What exactly is the difference between them? If I were to draw a Venn diagram, I could probably think of some contrasts. I don’t know if most conservatives really care about segregation at this point. I don’t know if conservatives are down for a genocide (though I have my suspicions). The main thing that they have in common is anything BLM or black crime related. Talk to any regular conservative about those things and they’ll turn into Derek from American History X. This is because at their core, they think the law should apply to everyone but them. They don’t care if White people get away with crimes against POC, but think POC should be executed for shoplifting.

  • axont [she/her, comrade/them]
    ·
    edit-2
    3 years ago

    Conservatives know how to be slippery and use certain language in certain contexts, or actually most of them are fooled by their own rhetoric about freedom and individual rights etc. Neo Nazis have lost the plot and don't believe they have any electoral means of gaining power or they don't believe in the neoliberal methods of enacting racist oppression because it's not direct and widespread enough for their liking.

    Without fail, every single conservative person I've ever met holds 3 things in common as their core ideology. Hatred of the poor, rascism, and a confused white supremacist understanding of American history. Almost all of them hide those things from even themselves to the point where ideological expression is more like a game.
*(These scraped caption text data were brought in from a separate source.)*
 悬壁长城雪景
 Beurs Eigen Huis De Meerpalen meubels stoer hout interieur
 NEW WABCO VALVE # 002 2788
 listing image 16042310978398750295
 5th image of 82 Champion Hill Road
It's sports because materially speaking most of them have already won. They sit atop a pile of corpses from the global south and usually maintain white supremacist cultural dominance at home.

    A Neo Nazi however does not tolerate essentially winning, they want their victory to be more straightforward. They want the symbols and the songs and people murdered through direct violence. They find the deaths caused by poverty and negligence distasteful or too slow.
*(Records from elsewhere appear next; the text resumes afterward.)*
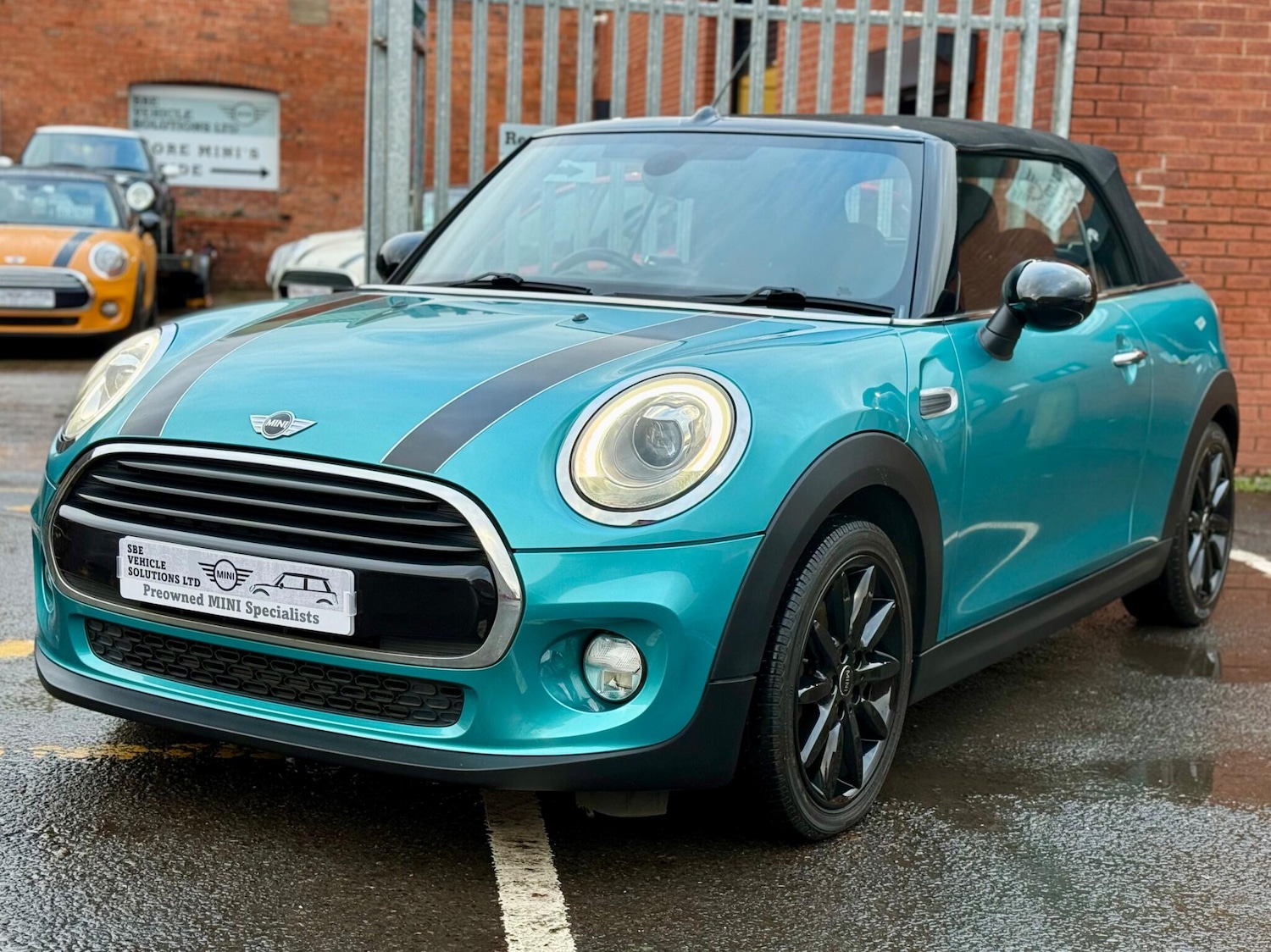 Used MINI Convertible 2016 for sale - 77229618: Photo 4
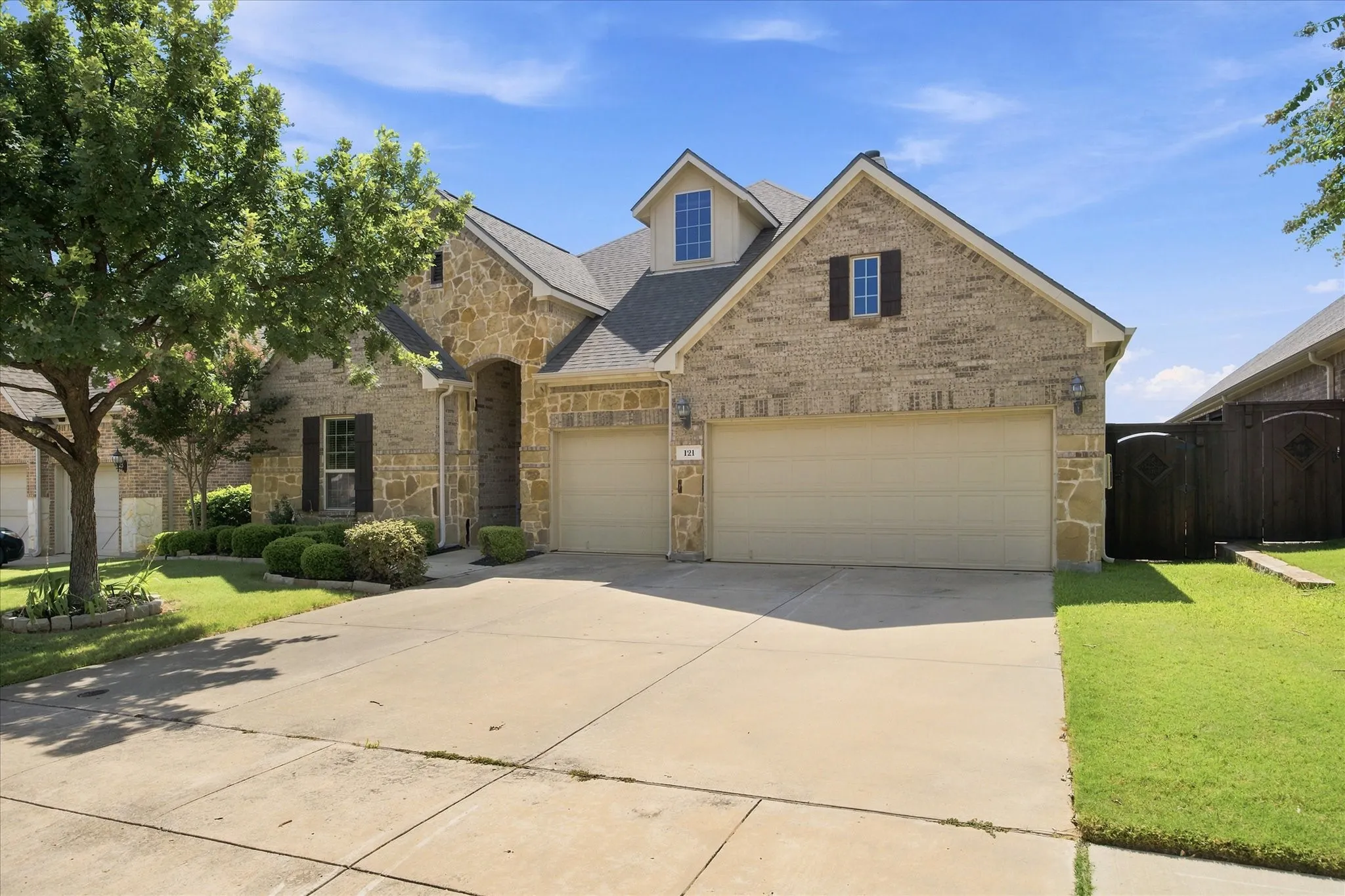 Single Family Residence For Sale in Denton County , 121 Oakwood Lane, Hickory Creek, Texas 75065, 4 Bedroom, 3 Bathroom, 3 Garage spaces, 2,942 Sqft, built in 2014, mls#21302463, Real Estate Agent in Hickory Creek, Homes For Sale in Denton county, Homes For Sale in Hickory Creek, Realtor in Hickory Creek Texas, Real Estate Brokerage Independent Realty Texas, Luminita Cordes Realtor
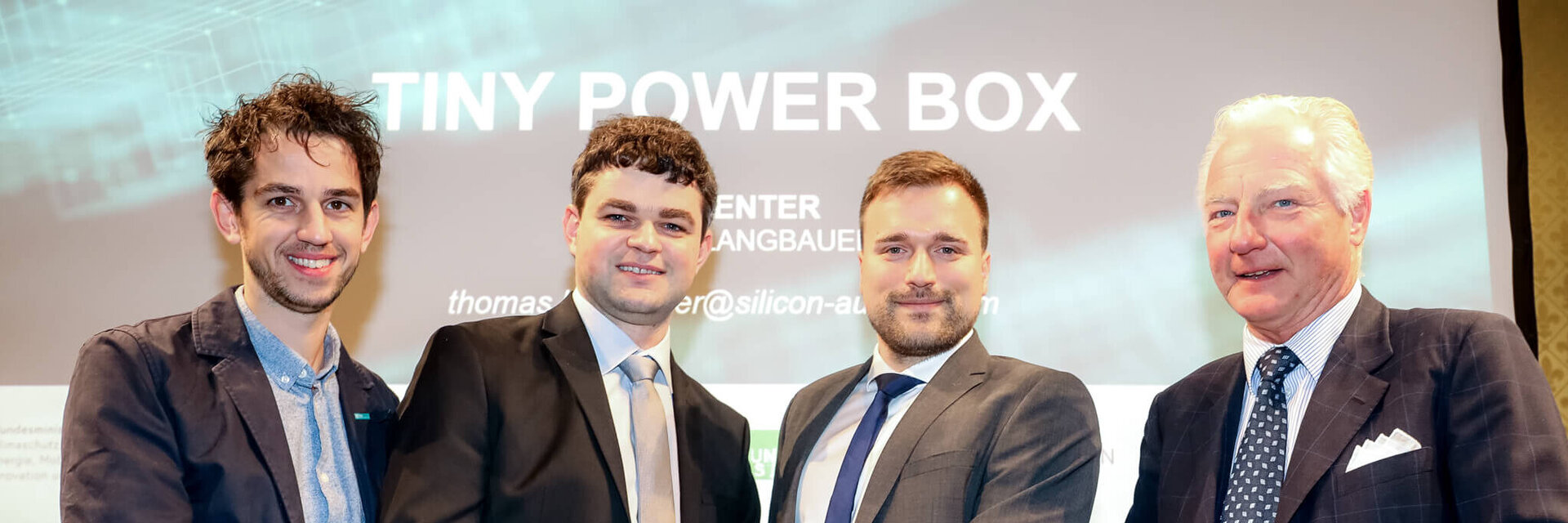 Gewinner OVE Innovation Award 2022 mit OVE-Präsident Kari Kapsch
    There's some hope here though. Because it's only a game to most conservatives, the working class ones are actually pretty amenable to working class policy a lot of the time. They want higher wages and more affordable healthcare. The capitalist conservatives are actual parasitic vampires gleefully chuckling it up as they extract value and enjoy their position on the top.

    The neonazis though have soaked up too much internet nonsense and have driven themselves batty through memes and insular communities. They're a little like our shadow a lot of the time. Often social outcasts or they faced poverty themselves. Maybe they were complete nerds in school and escaped by reading Evola or some other fascist fuck. They're largely cosplayers but the smarter ones know how to use the conservative language to slip right in. That's part of why I don't believe they're too different ideologically.
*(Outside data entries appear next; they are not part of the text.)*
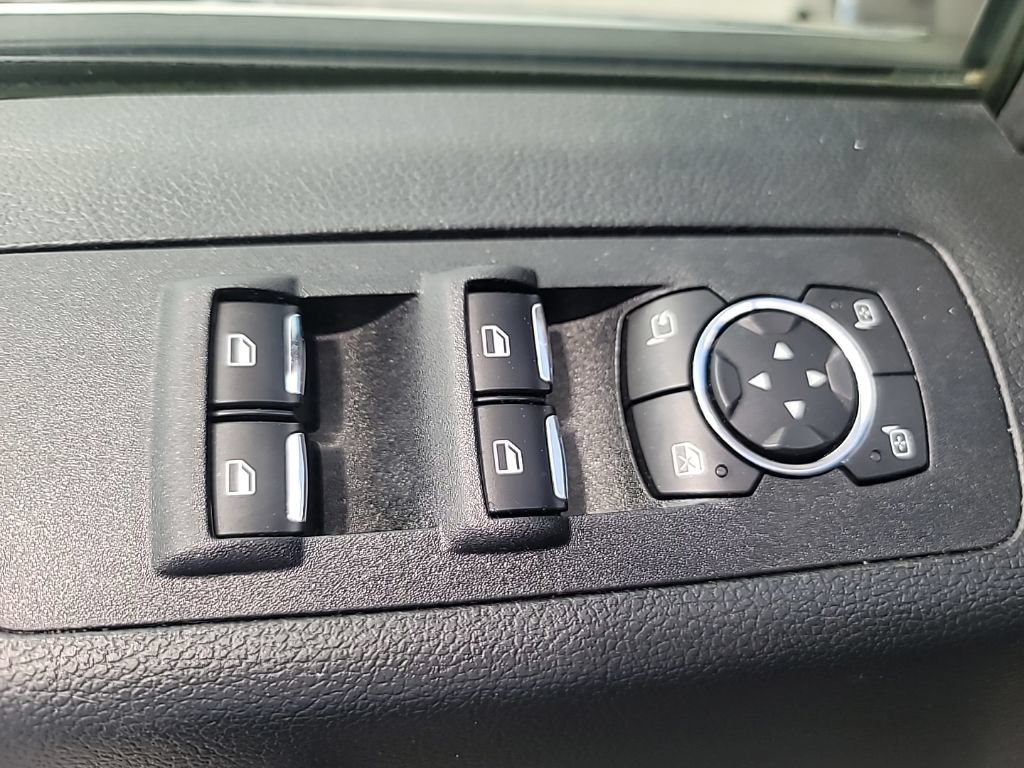 Used 2020  Ford XL image 16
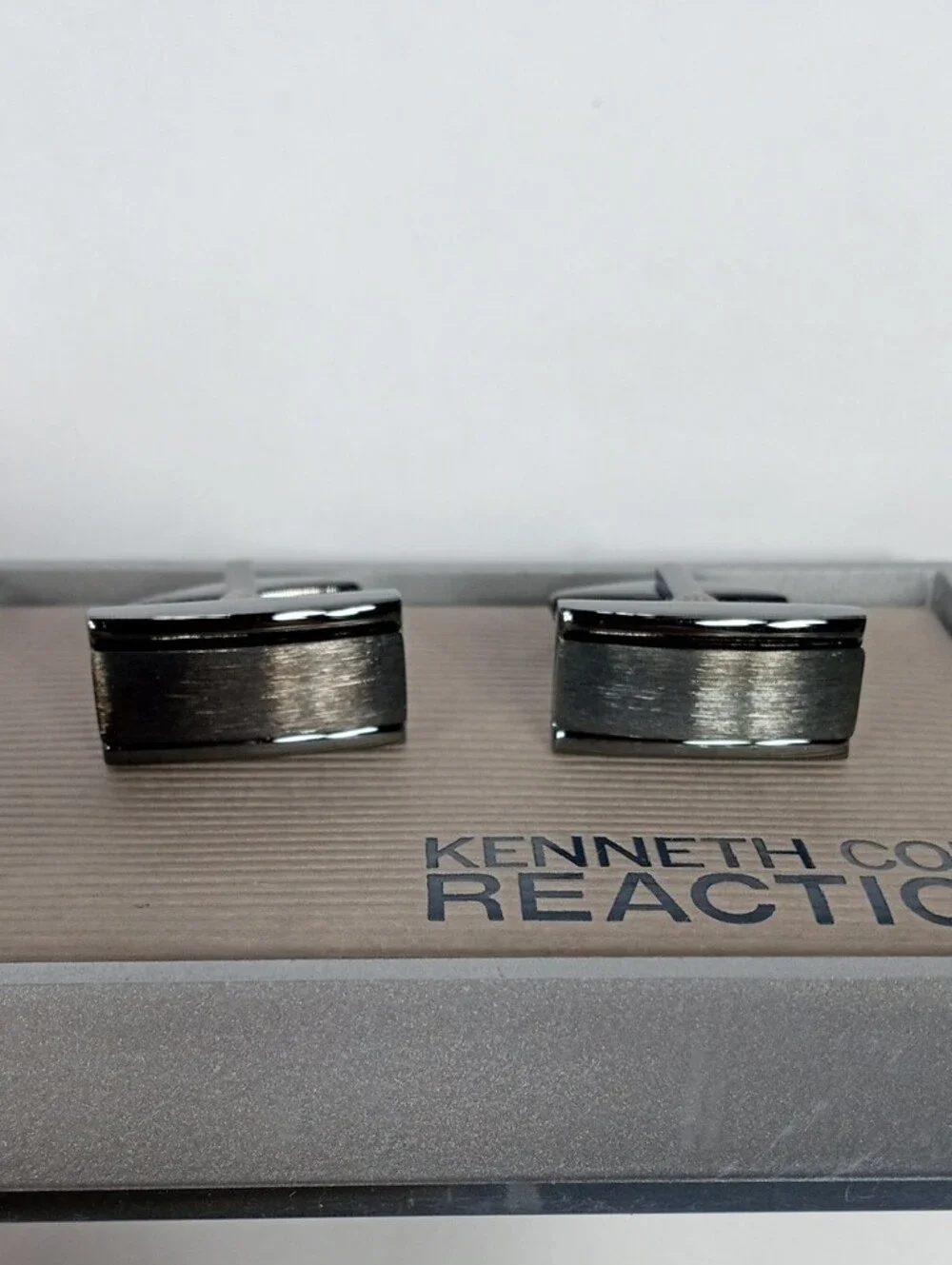 Kenneth Cole Reaction kenneth cole
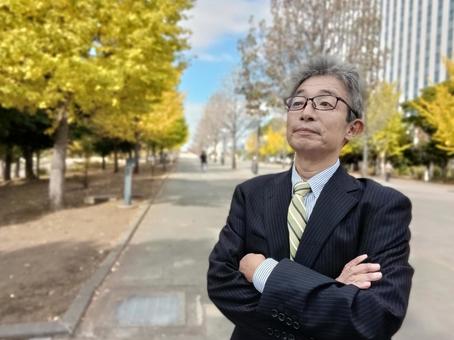 シニア男性サラリーマン シニア,中年サラリーマン,中高年サラリーマンの写真素材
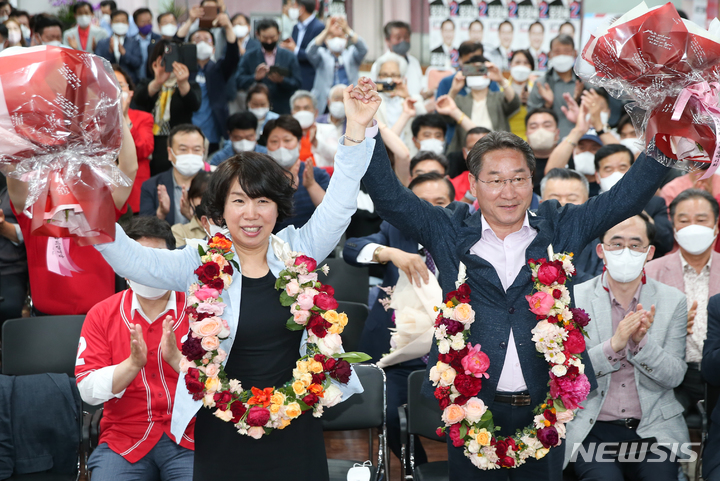 [인천=뉴시스] 정일형 기자 = 유정복 인천시장 당선자가 지지자들과 함께 기념촬영을 하고 있다. 2022.06.01. (사진=유정복 선거사무소 제공)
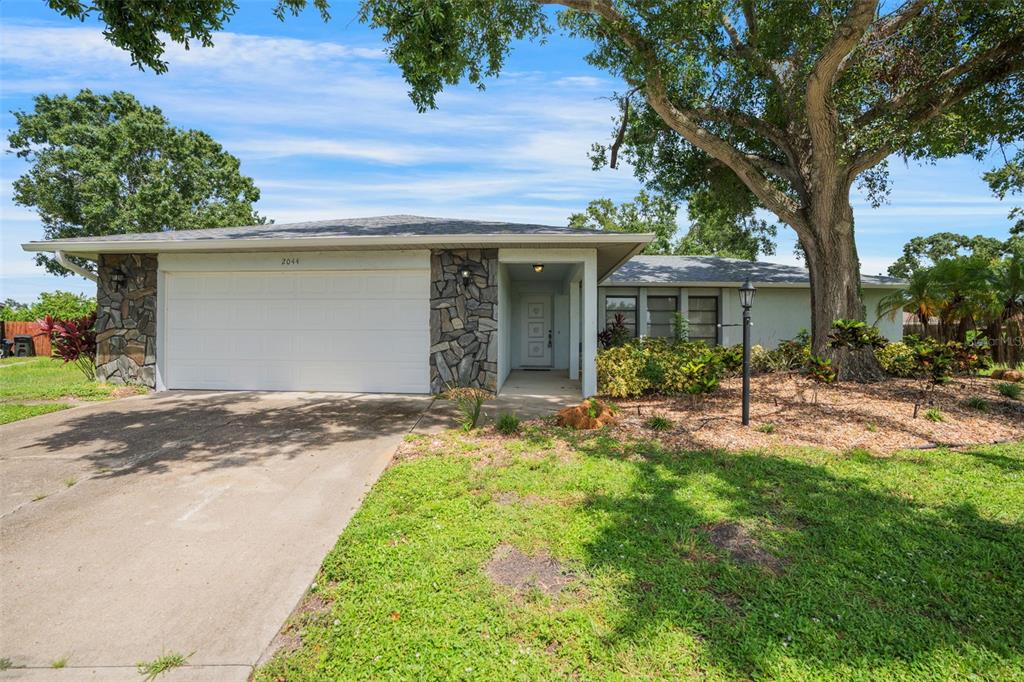2044 COUNTRY MEADOWS LANE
    Like Miller, Bannon, and Gorka were part of the Trump admin, which was supposedly conservative and not nazis, yet those three are 100% dyed in the wool bloodthirsty fascists. Fit right in.

    Yeah so all in all I don't think much separates conservatives and modern fascists other than terms they use and what they believe about themselves. The fascists tend to be more nerdy or insane. It's an aesthetic difference.

    • invalidusernamelol [he/him]
      ·
      3 years ago

      Conservatives are just the OG state of false consciousness. They actually believe in bourgeois individualism and freedom. They think it works, and to a lot of them it appears that way because they lead moderately comfortable (but usually incredibly alienated) lives.

      It's fun to start describing the base tenants of communism to your conservative family members and watch them just full throatedly agree with everything until you use the word "proletariat" or something and they immediately start screaming that you tricked them lol. The things they proclaim to believe are what we actually believe, the difference is that most conservatives find their community in the church, and the church is a wholly bourgeois institution incapable of revolutionary movement (in America at least).